CannTrust auditor withdraws pot firm’s earnings
TORONTO CannTrust Holdings Inc. shares fell as much as 10 per cent Friday before rebounding sharply late in the day after its auditor withdrew its reports on the Canadian cannabis company’s year-end and first-quarter results.
The move by KPMG LLP came after CannTrust said last week that it may have to restate its results for the periods ended Dec. 31 and March 31. The company also said it will likely miss the filing deadline for its second-quarter results after regulators found it grew pot in unlicensed parts of its Pelham, Ontario greenhouse. The company’s stock has fallen 56 per cent since the regulatory breach was first disclosed in early July. It ended the day at $4.21 up 40.8 per cent.
CannTrust recently shared with KPMG “newly uncovered information” from an investigation led by a special committee of the board, the Vaughan, Ont.-based company said in a statement Friday. That investigation led to the firing of chief executive Peter Aceto and the resignation of chairman Eric Paul last month.
CannTrust said KPMG was not aware of the problems when it issued the reports and had relied on representations made by individuals who are no longer at the company. KPMG will remain the company’s auditor.

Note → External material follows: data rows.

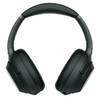 Sony WH-1000XM3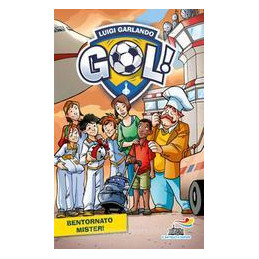 bentornato-mister-gol-vol-17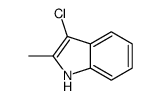 7164-92-3结构式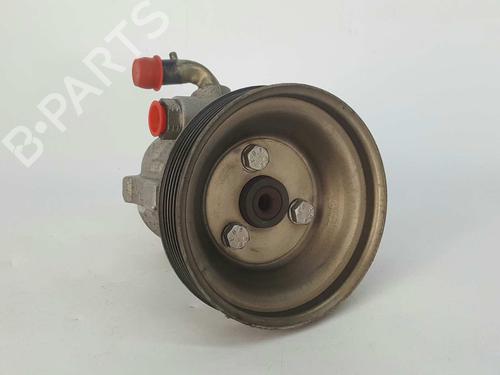 BP9232150M99 main image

Health Canada, the government agency responsible for cannabis regulations, is investigating. Penalties for the breach could include suspension or cancellation of CannTrust’s licence. The company hired Greenhill & Co. last week to explore potential alternatives, including a sale.
The Ontario Securities Commission said last week it has launched a joint investigation with the RCMP to examine unlicensed growing at CannTrust’s greenhouse.
The board appointed the special committee’s chair Robert Marcovitch as interim CEO in the wake of the departures.